Reputation: 5
I have a bunch of CSV files with 4 line headers. In these files, I want to change the values in the sixth column based on the values in the second column. For example, if the second column, under the name PRODUCT
is Banana
, I would want to change the value in the same row under TIME
to 10m
. If the the product was Apple
I would want the time to be 15m
and so on.
When 12:07
Area Produce
Store Name FF
Eatfresh
PN PRODUCT NUMBER INV ENT TIME
1 Banana 600000 5m
2 Apple 400000 F4 8m
3 Pair 6m
4 Banana 4000 G3 7m
5 Watermelon 700000 13m
6 Orange 12000 2m
7 Apple 1650000 6m
Desired Output
When 12:07
Area Produce
Store Name FF
Eatfresh
PN PRODUCT NUMBER INV ENT TIME
1 Banana 600000 10m
2 Apple 400000 F4 15m
3 Pair 6m
4 Banana 4000 G3 10m
5 Watermelon 700000 13m
6 Orange 12000 2m
7 Apple 1650000 15m
I want to output all of them to be outputed to a directory call NTime
. Here is what I have thus far, but being new to coding, I don't really understand a great deal and have gotten stuck on how to make the actual changes. I found Python/pandas idiom for if/then/else and it seems similar to what I want to do, but I don't completely understand what is going on.
import pandas as pd
import glob
import os
fns = glob.glob('*.csv')
colname1 = 'PRODUCT'
colname2 = 'TIME'
for csv in fns:
s = pd.read_csv(csv, usecols=[colname1], squeeze=True, skiprows=4, header=0)
with open(os.path.join('NTime', fn), 'wb') as f:
Can someone help me?
Upvotes: 0
Views: 235
Reputation: 25662
You can do this with a combination of groupby
, replace
and a dict
In [76]: from pandas import DataFrame
In [77]: fruits = ['banana', 'apple', 'pear', 'banana', 'watermelon', 'orange', 'apple']
In [78]: times = ['5m', '8m', '6m', '7m', '13m', '2m', '6m']

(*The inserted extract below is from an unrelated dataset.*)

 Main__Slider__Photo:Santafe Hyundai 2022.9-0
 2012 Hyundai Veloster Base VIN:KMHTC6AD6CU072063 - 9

In [79]: time_map = {'banana': '10m', 'apple': '15m', 'pear': '5m'}
In [80]: df = DataFrame({'fruits': fruits, 'time': times})
Out[80]:
fruits time
0 banana 5m
1 apple 8m
2 pear 6m
3 banana 7m
4 watermelon 13m
5 orange 2m
6 apple 6m
In [81]: def replacer(g, time_map):
....: tv = g.time.values
....: return g.replace(to_replace=tv, value=time_map.get(g.name, tv))
In [82]: df.groupby('fruits').apply(replacer, time_map)
Out[82]:
fruits time
0 banana 10m
1 apple 15m
2 pear 5m
3 banana 10m
4 watermelon 13m
5 orange 2m
6 apple 15m
You said you're new to programming so I'll explain what's going on.
df.groupby('fruits')
splits the DataFrame
into subsets (which are DataFrame
s or Series
objects) using the values of the fruits
column.
The apply
method applies a function to each of the aforementioned subsets and concatenates the result (if needed).
replacer
is where the "magic" happens: each group's time
values get replaced (to_replace
) with the new value that's defined in time_map
. The get
method of dict
s allows you to provide a default value if the key you're searching for (the fruit name in this case) is not there. nan
is commonly used for this purpose, but here I'm actually just using the time that was already there if there isn't a new one defined for it in the time_map
dict
.
One thing to note is my use of g.name
. This doesn't normally exist as an attribute on DataFrame
s (you can of course define it yourself if you want to), but is there so you can perform computations that may require the group name. In this case that's the "current" fruit you're looking at when you apply your function.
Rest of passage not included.